Use the validate command before doing anything else:

recsys-eval validate --schema exposure.v1 --input exposures.jsonl
recsys-eval validate --schema outcome.v1 --input outcomes.jsonl
recsys-eval validate --schema assignment.v1 --input assignments.jsonl

Record formats

Exposure (what was shown)

Purpose:

  • describes what items were recommended and in what order
  • provides context for segment slicing
  • acts as the "left side" of joins

Join key:

  • request_id (required)

Minimal example (illustrative, not exhaustive):

{
  "request_id": "req_123",
  "tenant": "demo",
  "surface": "home",
  "user_id": "u_42",
  "timestamp": "2026-01-27T12:00:00Z",
  "items": [
    {"item_id": "A", "rank": 1},
    {"item_id": "B", "rank": 2}
  ]
}

Notes:

  • For OPE, exposures may also include propensities.
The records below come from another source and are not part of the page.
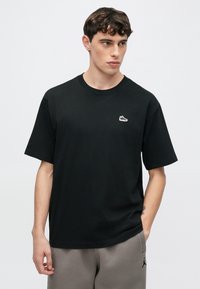 Μαύρο βαμβακερό μπλουζάκι με γραφικό λογότυπο παπουτσιού στο αριστερό στήθος, κοντά μανίκια και στρογγυλή λαιμόκοψη, συνδυασμένο με γκρι φόρμες.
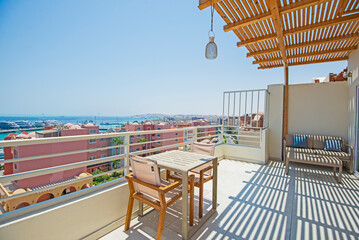Roof patio terrace with chairs in tropical luxury apartment resort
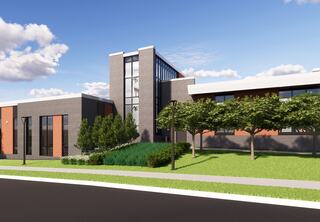 A modern building rendering for the new St. Louis Community College Transportation Education Center features sleek lines and a mix of brick and glass facades, surrounded by greenery and open space under a clear blue sky.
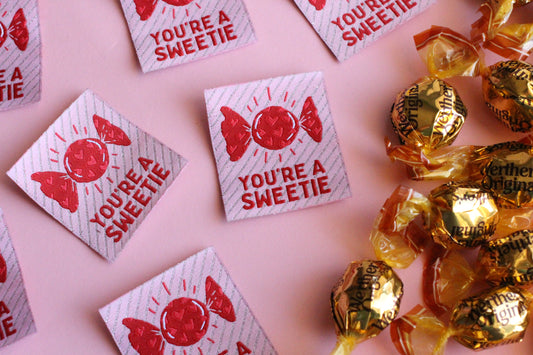 You're a SWEETIE candy sewing labels by The Cosy Club Handmade, featuring colorful paper labels with playful text for craft projects.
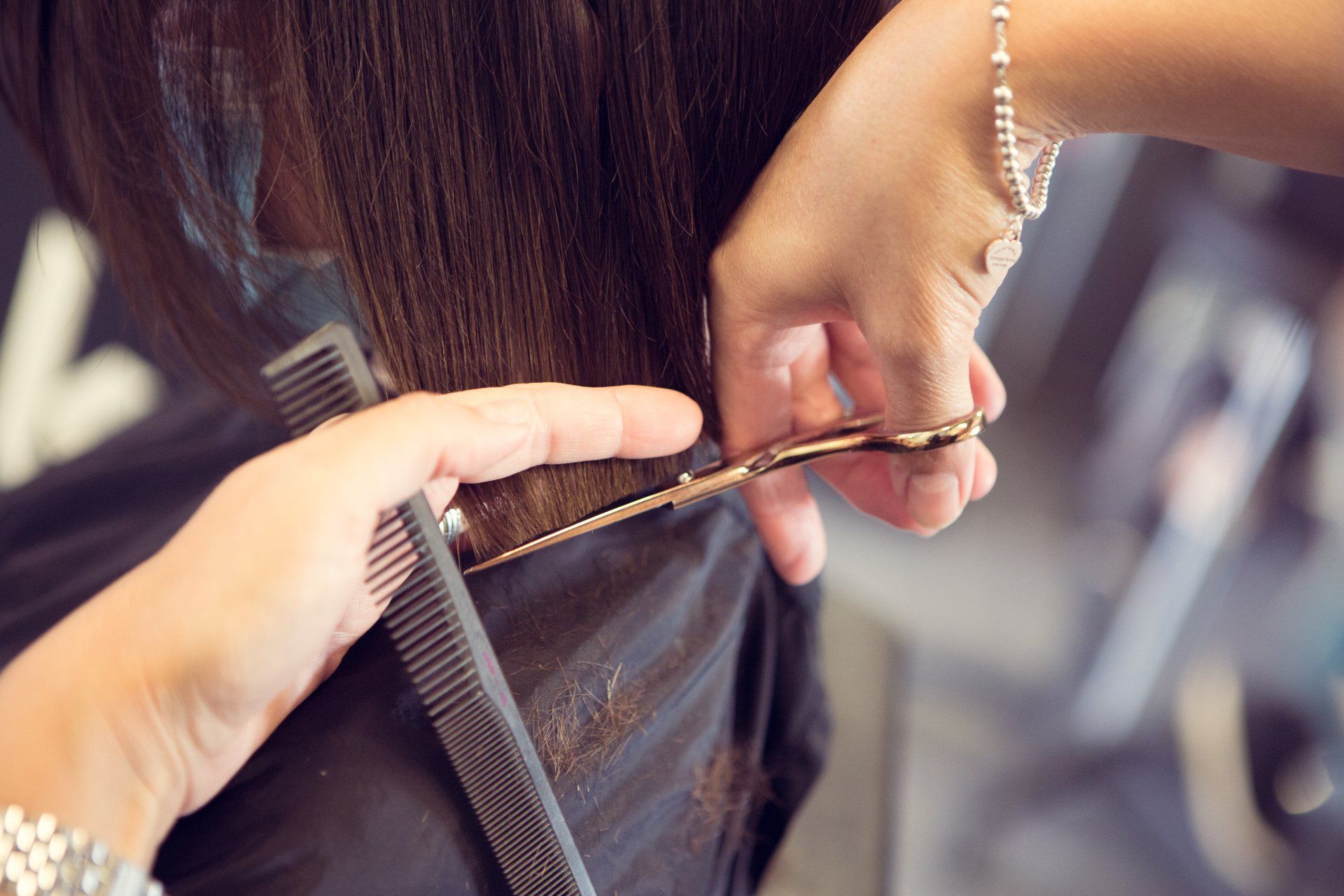Eine Frau lässt sich von einem Friseur die Haare schneiden.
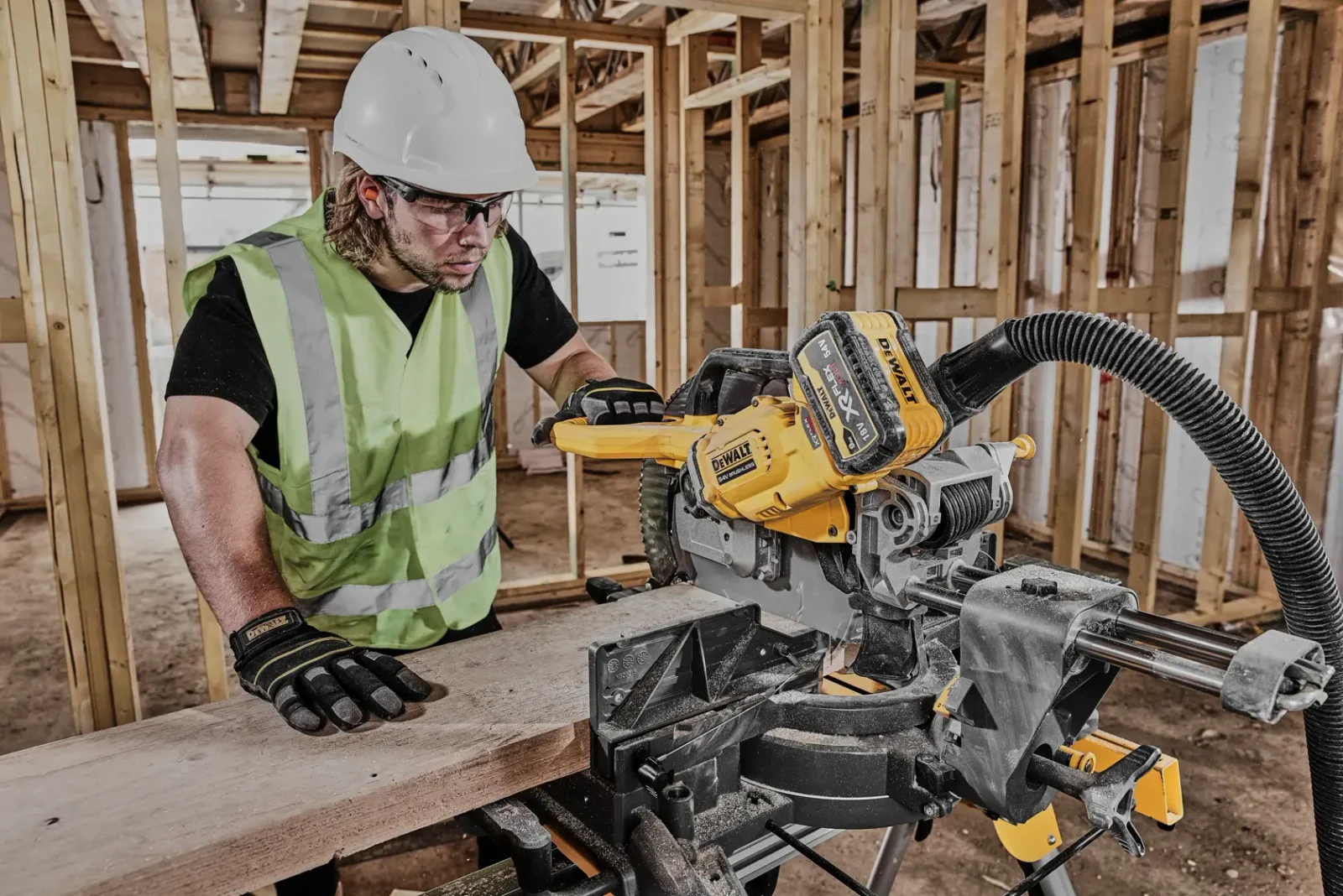 DeWalt DCS781 mitre saw in use on site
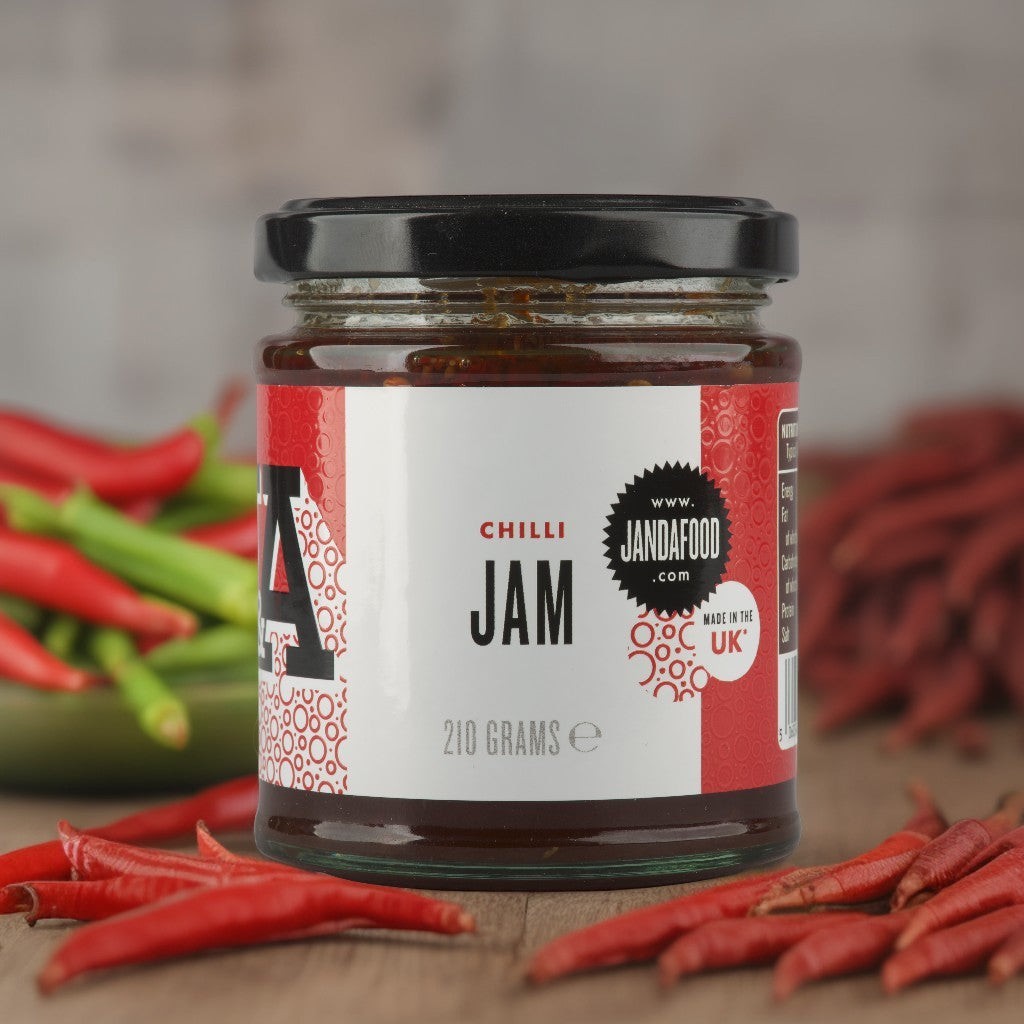 Janda Food Chilli Jam in a glass jar surrounded by fresh red chillies on a wooden surface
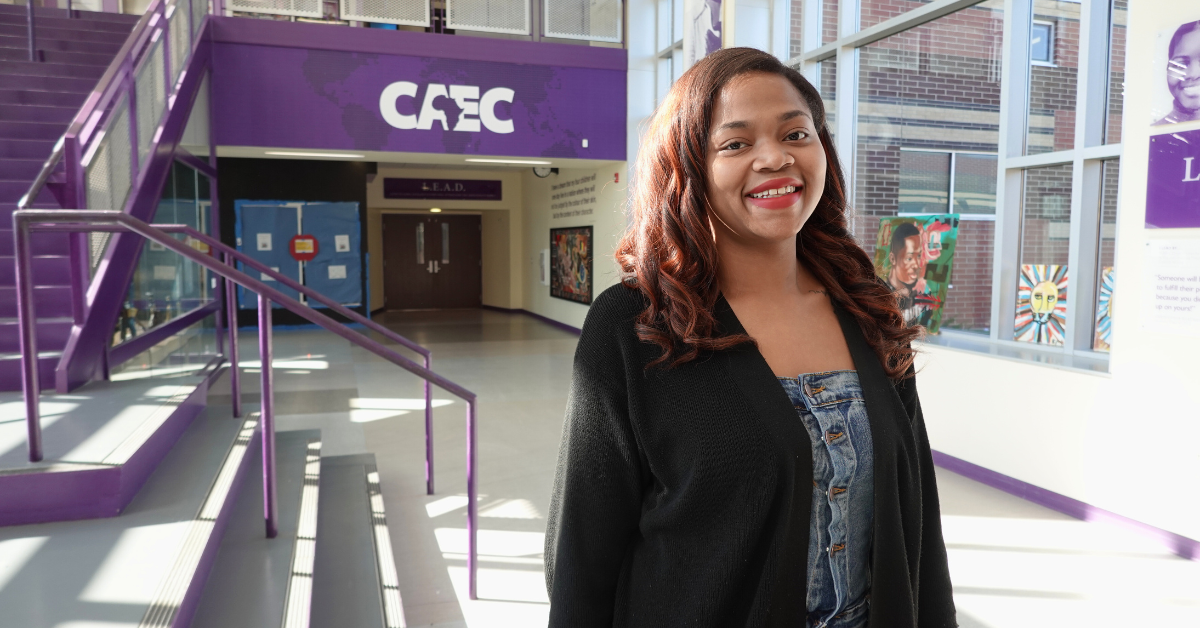 teacher in front of stairs and sign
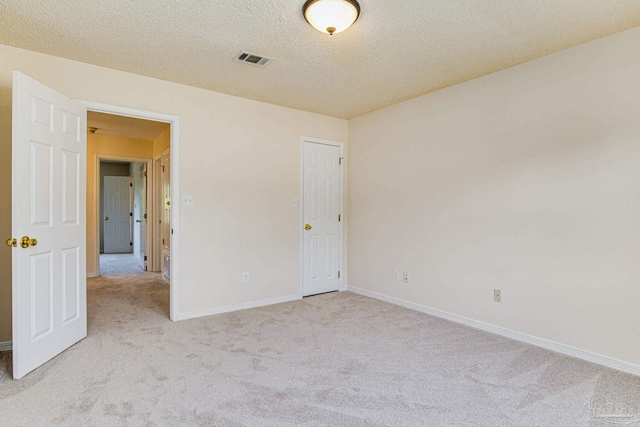 unfurnished room with light colored carpet and a textured ceiling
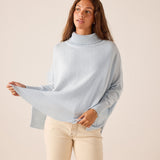 Sky blue oversized turtleneck knit sweater with ribbed cuffs and hem.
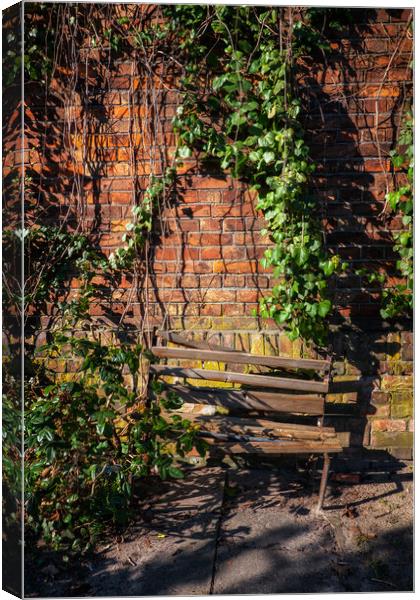 Old Wooden Broken Bench By The Brick Wall Canvas Print by Artur Bogacki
See docs/OPE.md.

Outcome (what the user did)

Purpose:

  • records the behavior you care about: click, conversion, etc.

Join key:

  • request_id (required)

Minimal example:

{
  "request_id": "req_123",
  "event": "click",
  "item_id": "B",
  "timestamp": "2026-01-27T12:00:05Z"
}

Assignment (experiment bucket)

Purpose:

  • tells which variant a request/user belongs to (control vs candidate)

Join key:

  • request_id (required in this dataset contract)

Minimal example:

{
  "request_id": "req_123",
  "experiment_id": "exp_home_rank_v3",
  "variant": "control"
}

Interleaving datasets

Interleaving mode uses a different dataset config:

  • ranker_a results
  • ranker_b results
  • outcomes (often clicks)

See configs/examples/dataset.interleaving.jsonl.yaml for the wiring.

Join expectations and quality signals

Good joins are boring. Bad joins destroy trust.

In reports, look for:

  • match rate: how many exposures have outcomes
  • duplicate request_id rates
  • timestamp anomalies
  • missing tenant/surface fields (kills segmentation)

If joins look wrong, stop and fix instrumentation. Do not "tune metrics".